Another issue could be something inside the tire. The number and variety of things that can get left inside a tire can be truly astonishing. Whet­her it’s old wheel weights, broken TPMS sensors, ratchet wrenches, water or liquid squirt-in “repair” material, anything inside the tire will affect the centripetal force as the tire spins, then come to rest in a different place and do it all over again, continuously and dynamically throwing off the balance.

The tire and/or the wheel being out of round can also cause “chasing weights.” The first mathematical assumption any balancer makes is that the assembly is round to within a certain tolerance. If the wheel is bent, or the tire has a belt separation, this can throw off the balancer’s calculations.

Sometimes this can throw the balancer into a kind of infinite loop where it just can’t zero out properly. Sometimes it will allow the balancer to zero out even though the balance is still wrong. Always watch the wheel as it spins to make sure it is spinning straight and true.

 

Match Mounting

The final possibility is the tire may be improperly match-mounted. Match mounting can be a headache of a concept to remember, because there are two ways of doing it.

In essence, match mounting attempts to mate either the heaviest part of the tire to the lightest part of the wheel, or the most radially variant part of the tire to the least variant part of the wheel.
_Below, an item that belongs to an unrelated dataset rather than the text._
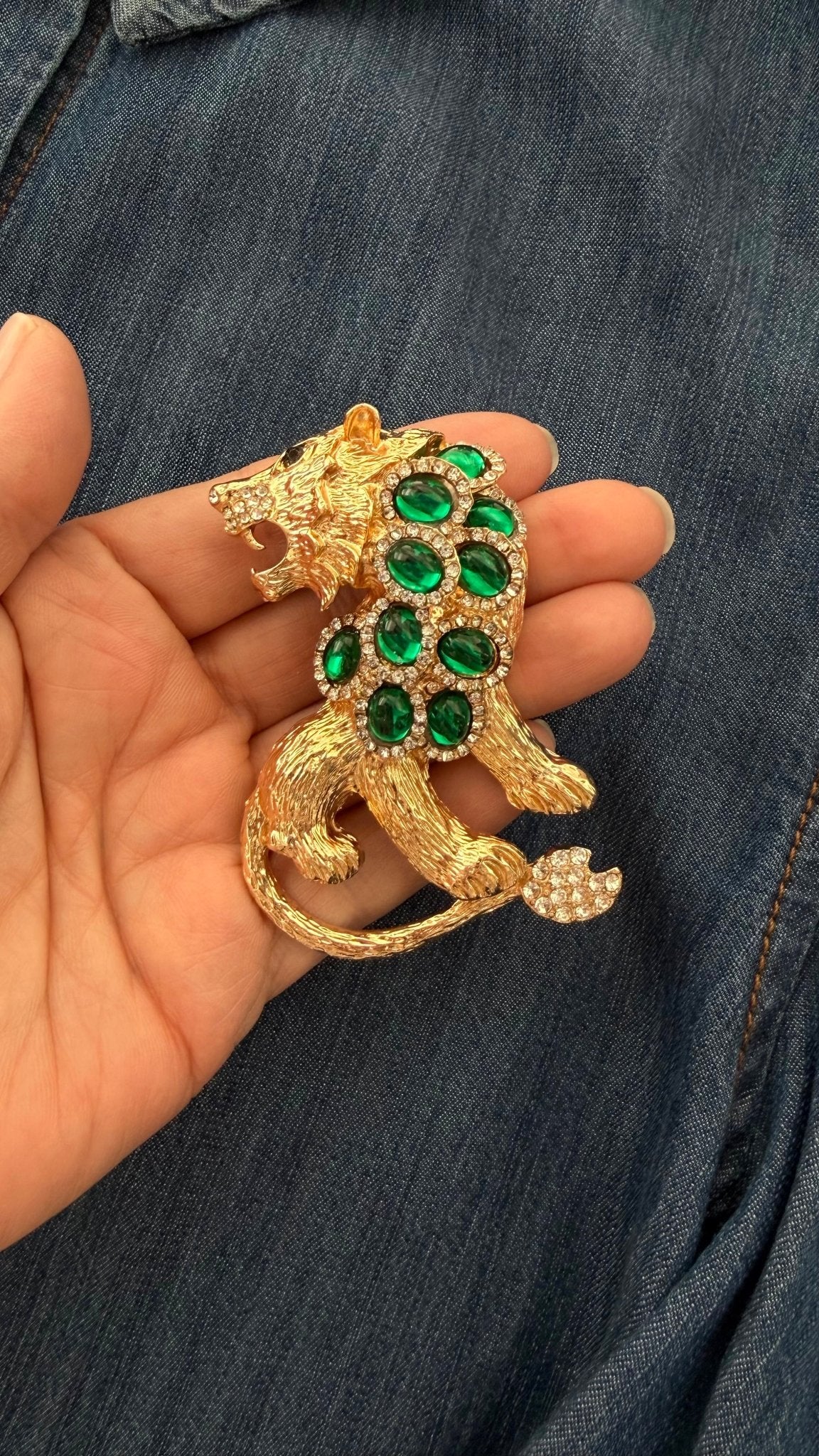 Gold and green jeweled lion brooch held in a hand against a denim background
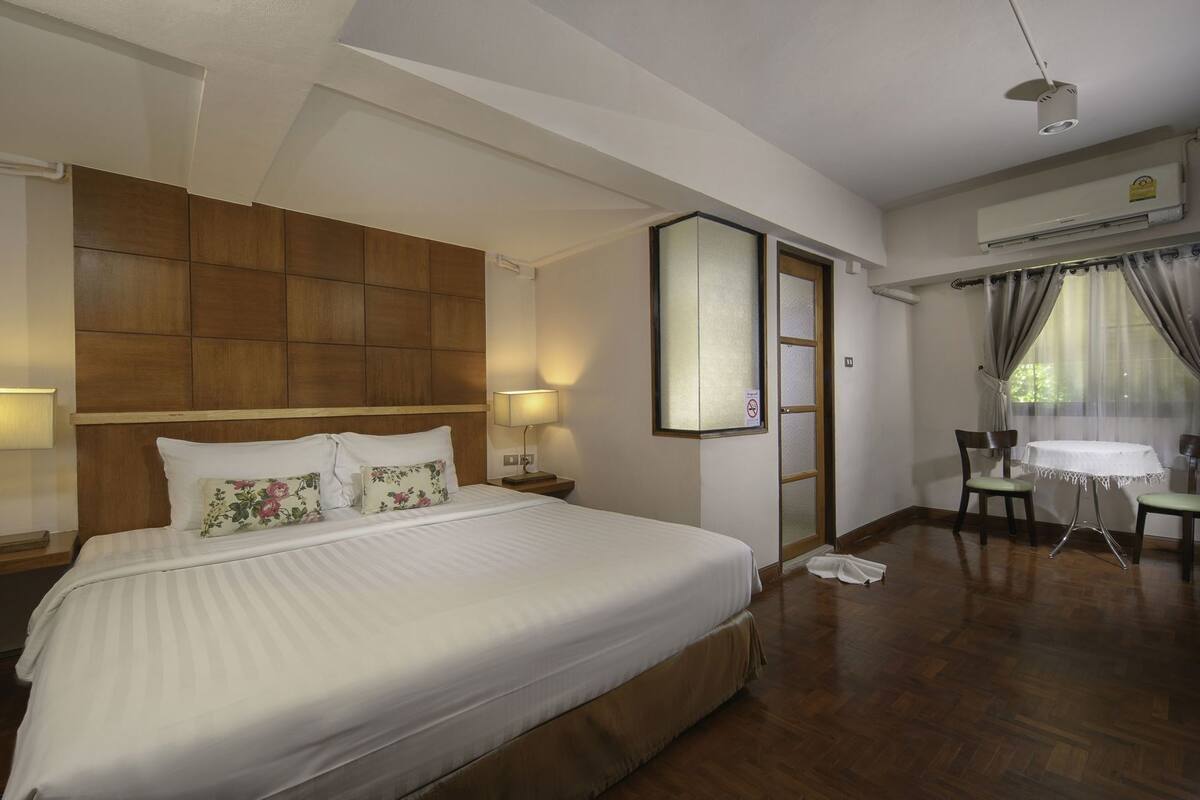 A hotel room with a large bed, a wooden headboard, a bedside table with a lamp, a small table with chairs, and a window with curtains.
Either way, this evens out the centripetal forces and generally lets the assembly balance out with less weight.

The headache is in remembering that tires carry a red dot on the sidewall for radial matching, which should be matched to a marked spot on the wheel, or they carry a yellow spot for weight matching, which during mounting should be set directly next to the valve stem.

In general, however, all the mat­ching spots tend to be close together, so if in doubt it’s generally good enough to simply match the dot to the valve stem. But, in some cases, if the match mount is way off, this can create enough force to completely screw up the balance, and the tire will have to be moved on the wheel until the dots match to fix it.

These last two conditions, bad match mounting and being out of round, can often be fixed by road force balancing, precisely because one of the things a road force balancer does is read out the radial variance of both the tire and the wheel to calculate their positions for a proper match mount. If a wheel is slightly bent, for example, the balancer can calculate where the tire should be placed to minimize the total radial variation of the assembly, which can fix the balance issues and also cut down on any vibration when the assembly goes on the car.

The last possibility is that the balancer is simply out of calibration. If you can’t see any obvious reason why you’re chasing weights, or if it happens on multiple wheels, you’ll want to do a full calibration sequence. You’ll also want to check the spindle area on the balancer – I once had an issue that defied all easy solutions until we realized that some stray adhesive weights had attached themselves to the mounting plate.

That being said, while this list will cover most of the reasons that the balancer chases weights, some issues will defy easy solutions, whether it’s a rogue set of weights somewhere or some problem I can’t even imagine.

As I used to say to my techs, “Let it be a challenge to you,” which is, of course, manager code for, “I don’t have a clue how to solve this.”